Sales were very soft that first week, with only 4,000 copies sold; no advertising and no fanfare had its expected result. However, word-of-mouth was as powerful in 1987 as it is today, and sales jumped to an impressive 250,000 copies sold. The game even managed to garner the Software Publishers Association’s Best Fantasy, Role Playing or Adventure Game of 1987. It was eventually released on several platforms, including IBM PC (MS-DOS), Apple II, Atari ST, Commodore Amiga, Apple Macintosh, and the TRS-80.
With the advent of VGA technology, Sierra brought Leisure Suit Larry to a new audience in 1991. It was relaunched with a completely redone game engine that used an icon-driven interface rather than a text-based parser, which was touted by the game packaging as an opportunity to “point-and-grope.” The re-release used an updated SCI (Sierra Creative Interpreter) engine, which permitted 256-color VGA graphics. This was quite the improvement upon the original 1987 game, whose highest graphics quality was 16 colors in a 300×200 screen.
Another avenue that Al Lowe was able to exercise his creative spirit within Larry’s universe was putting his music roots to good use by composing the theme music for the Land of the Lounge Lizards. The music was an integral component of Larry’s impending iconic status, using the primitive sound technology of the early PCs to create a jaunty tune that was easily identifiable as Larry’s theme. The VGA remake also had access to better audio technology, and so the music is much richer. There’s also much more of it, as Lowe could really only fit so much audio into a single 3.5″ or two 5.25″ floppy diskettes (what the original 1987 game came loaded on).

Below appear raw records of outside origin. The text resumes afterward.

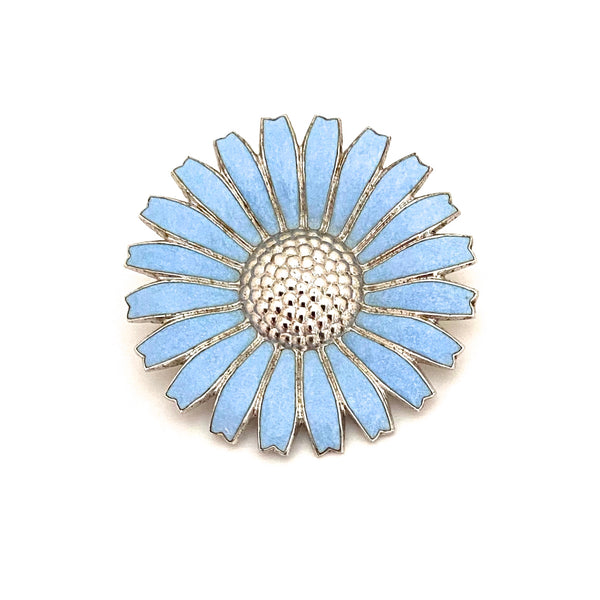 Georg Jensen large daisy brooch ~ pale blue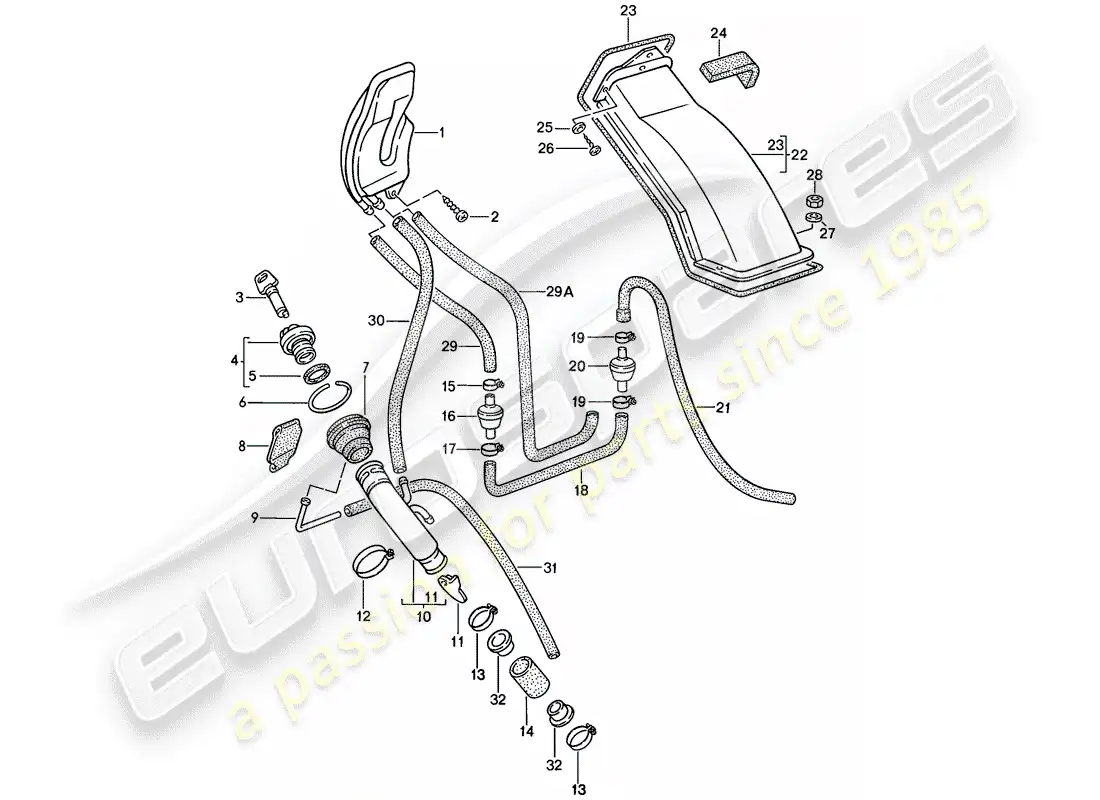 porsche 1987 (924s) fuel tank - 2 parts diagram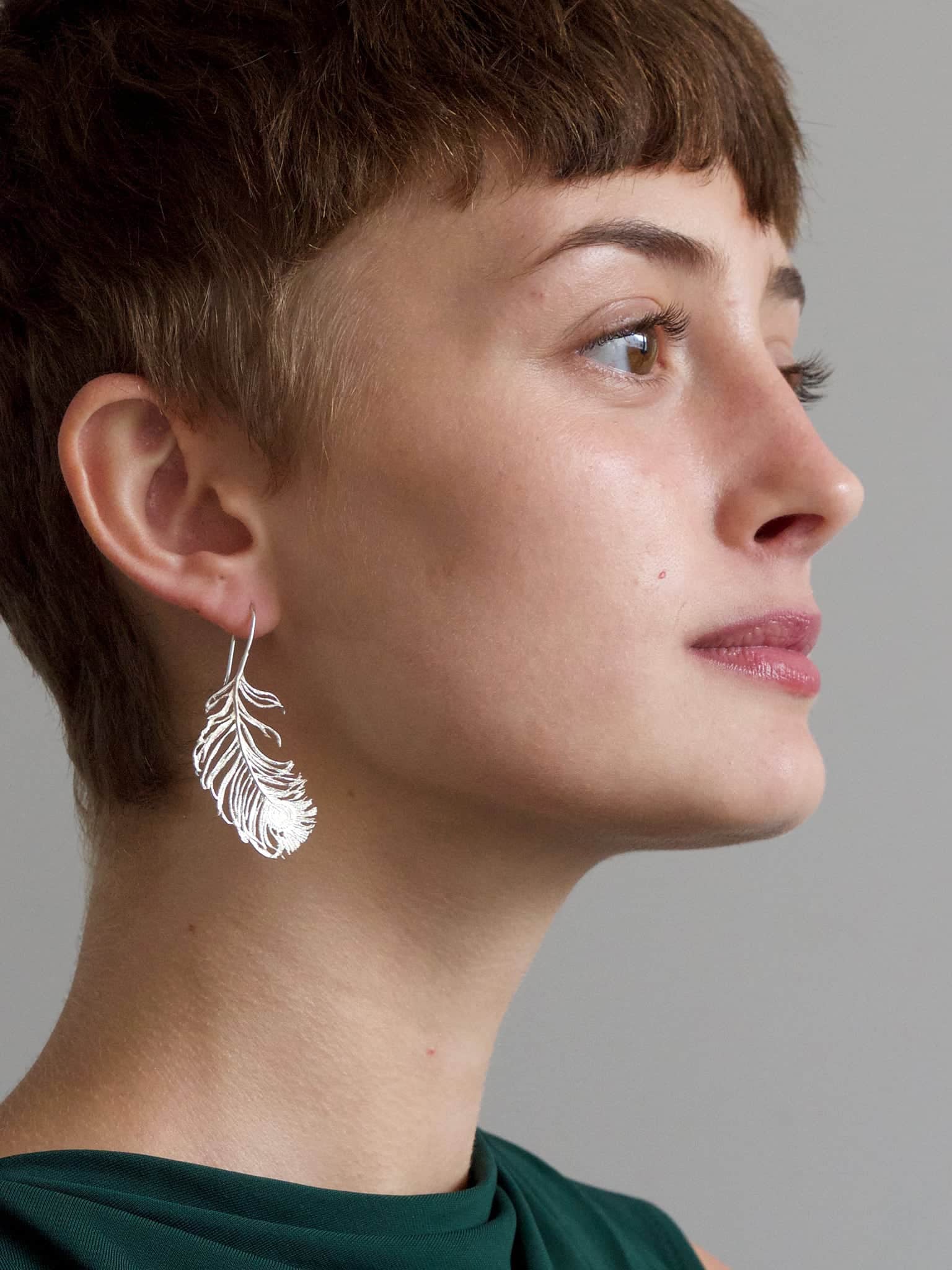 Peacock Feather Hook Earrings - image 5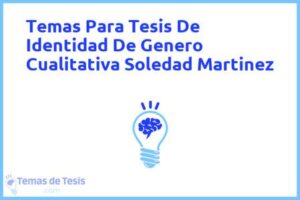 Tesis de Identidad De Genero Cualitativa Soledad Martinez: Ejemplos y temas TFG TFM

Al Lowe’s creation sold well enough that sequels were a highly anticipated inevitability. Lounge Lizards was followed by 1988′s Leisure Suit Larry Goes Looking For Love (in Several Wrong Places), which was followed by 1989′s Leisure Suit Larry III: Passionate Patti in Pursuit of the Pulsating Pectorals. Typical of Lowe’s humorous approach to the series, the fourth game released in 1991 was actually entitled Leisure Suit Larry 5: Passionate Patti Does a Little Undercover Work. Lowe followed up that game in 1993 with Leisure Suit Larry 6: Shape Up Or Slip Out!. Lowe’s final Larry game was 1996′s Leisure Suit Larry: Love For Sail. The dawn of true 3-D adventures was upon the gaming industry, but Sierra did not have the cash reserves to retool their flagship titles to the new standard. Subsequently, Al Lowe was let go, ending his run as the narrator of the Leisure Suit Larry series, and ending Leisure Suit Larry‘s relevance. Yes, more games in the series would be released, but they would be empty shells, devoid of the charm that Al Lowe captured for so many years, victims of the rise of the bean-counters in the gaming industry. (Al Lowe is still on the Internet, and you can find him at his website: allowe.com How this creative man isn’t absolutely deluged with consultation requests from up-and-coming indie software developers amazes me.)
If you have managed to avoid playing the original Leisure Suit Larry in the Land of the Lounge Lizards, it’s time for that to end. Yes, the graphics are hopelessly dated in comparison to the real-world graphic opuses that populate the gamerverse these days…but the joy of Leisure Suit Larry isn’t in the eye candy, it’s in the situational comedy coupled with Al Lowe’s scripting. Pick up a copy – this game is worth any retrogamer’s retrogaming time!